• **Entries taken from a collection**:

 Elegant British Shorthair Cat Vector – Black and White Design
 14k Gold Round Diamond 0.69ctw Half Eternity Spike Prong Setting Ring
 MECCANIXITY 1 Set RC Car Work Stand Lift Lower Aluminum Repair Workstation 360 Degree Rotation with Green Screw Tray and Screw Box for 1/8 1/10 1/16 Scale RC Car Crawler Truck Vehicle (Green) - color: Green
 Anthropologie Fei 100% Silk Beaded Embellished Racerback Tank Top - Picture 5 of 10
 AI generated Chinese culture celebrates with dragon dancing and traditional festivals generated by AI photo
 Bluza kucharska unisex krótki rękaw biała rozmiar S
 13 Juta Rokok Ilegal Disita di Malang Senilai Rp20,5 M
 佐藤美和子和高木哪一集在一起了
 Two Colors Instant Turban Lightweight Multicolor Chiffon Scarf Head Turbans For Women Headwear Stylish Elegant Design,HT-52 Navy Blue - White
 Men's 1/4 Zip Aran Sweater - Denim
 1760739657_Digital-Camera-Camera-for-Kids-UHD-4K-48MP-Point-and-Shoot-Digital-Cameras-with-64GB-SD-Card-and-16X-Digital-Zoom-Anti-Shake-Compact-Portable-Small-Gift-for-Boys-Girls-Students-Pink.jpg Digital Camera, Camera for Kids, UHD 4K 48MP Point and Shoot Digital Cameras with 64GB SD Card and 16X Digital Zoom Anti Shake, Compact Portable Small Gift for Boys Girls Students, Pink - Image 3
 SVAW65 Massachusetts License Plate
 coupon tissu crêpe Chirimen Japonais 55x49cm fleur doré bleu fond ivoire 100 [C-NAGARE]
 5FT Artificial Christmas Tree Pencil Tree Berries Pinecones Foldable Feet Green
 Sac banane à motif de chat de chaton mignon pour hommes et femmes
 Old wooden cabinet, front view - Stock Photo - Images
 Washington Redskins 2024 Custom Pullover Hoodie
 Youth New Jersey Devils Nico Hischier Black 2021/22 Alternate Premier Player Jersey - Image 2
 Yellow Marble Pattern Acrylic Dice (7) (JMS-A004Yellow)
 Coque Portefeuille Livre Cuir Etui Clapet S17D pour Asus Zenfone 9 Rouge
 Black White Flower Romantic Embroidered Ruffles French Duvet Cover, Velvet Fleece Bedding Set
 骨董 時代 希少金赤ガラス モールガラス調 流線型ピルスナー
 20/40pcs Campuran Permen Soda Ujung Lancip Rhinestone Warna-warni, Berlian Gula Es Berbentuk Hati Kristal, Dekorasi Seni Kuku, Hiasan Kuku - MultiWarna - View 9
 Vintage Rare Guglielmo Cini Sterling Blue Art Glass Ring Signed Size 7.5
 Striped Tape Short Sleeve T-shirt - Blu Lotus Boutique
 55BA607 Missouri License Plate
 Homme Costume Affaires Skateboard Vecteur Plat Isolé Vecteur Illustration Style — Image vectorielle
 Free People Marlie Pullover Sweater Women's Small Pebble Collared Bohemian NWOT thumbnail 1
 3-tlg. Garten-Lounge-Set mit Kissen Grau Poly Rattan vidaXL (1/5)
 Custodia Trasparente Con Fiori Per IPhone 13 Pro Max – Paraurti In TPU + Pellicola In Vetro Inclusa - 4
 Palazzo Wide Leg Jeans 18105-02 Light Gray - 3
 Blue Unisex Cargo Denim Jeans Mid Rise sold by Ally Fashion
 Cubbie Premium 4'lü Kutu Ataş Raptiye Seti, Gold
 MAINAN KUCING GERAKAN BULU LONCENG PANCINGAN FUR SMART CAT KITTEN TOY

• **What is required**: Starting at the first line of the records above, please copy each line exactly until you reach the line containing "Washington Redskins 2024". Include that line and stop there.

• **Answer below**:
 Elegant British Shorthair Cat Vector – Black and White Design
 14k Gold Round Diamond 0.69ctw Half Eternity Spike Prong Setting Ring
 MECCANIXITY 1 Set RC Car Work Stand Lift Lower Aluminum Repair Workstation 360 Degree Rotation with Green Screw Tray and Screw Box for 1/8 1/10 1/16 Scale RC Car Crawler Truck Vehicle (Green) - color: Green
 Anthropologie Fei 100% Silk Beaded Embellished Racerback Tank Top - Picture 5 of 10
 AI generated Chinese culture celebrates with dragon dancing and traditional festivals generated by AI photo
 Bluza kucharska unisex krótki rękaw biała rozmiar S
 13 Juta Rokok Ilegal Disita di Malang Senilai Rp20,5 M
 佐藤美和子和高木哪一集在一起了
 Two Colors Instant Turban Lightweight Multicolor Chiffon Scarf Head Turbans For Women Headwear Stylish Elegant Design,HT-52 Navy Blue - White
 Men's 1/4 Zip Aran Sweater - Denim
 1760739657_Digital-Camera-Camera-for-Kids-UHD-4K-48MP-Point-and-Shoot-Digital-Cameras-with-64GB-SD-Card-and-16X-Digital-Zoom-Anti-Shake-Compact-Portable-Small-Gift-for-Boys-Girls-Students-Pink.jpg Digital Camera, Camera for Kids, UHD 4K 48MP Point and Shoot Digital Cameras with 64GB SD Card and 16X Digital Zoom Anti Shake, Compact Portable Small Gift for Boys Girls Students, Pink - Image 3
 SVAW65 Massachusetts License Plate
 coupon tissu crêpe Chirimen Japonais 55x49cm fleur doré bleu fond ivoire 100 [C-NAGARE]
 5FT Artificial Christmas Tree Pencil Tree Berries Pinecones Foldable Feet Green
 Sac banane à motif de chat de chaton mignon pour hommes et femmes
 Old wooden cabinet, front view - Stock Photo - Images
 Washington Redskins 2024 Custom Pullover Hoodie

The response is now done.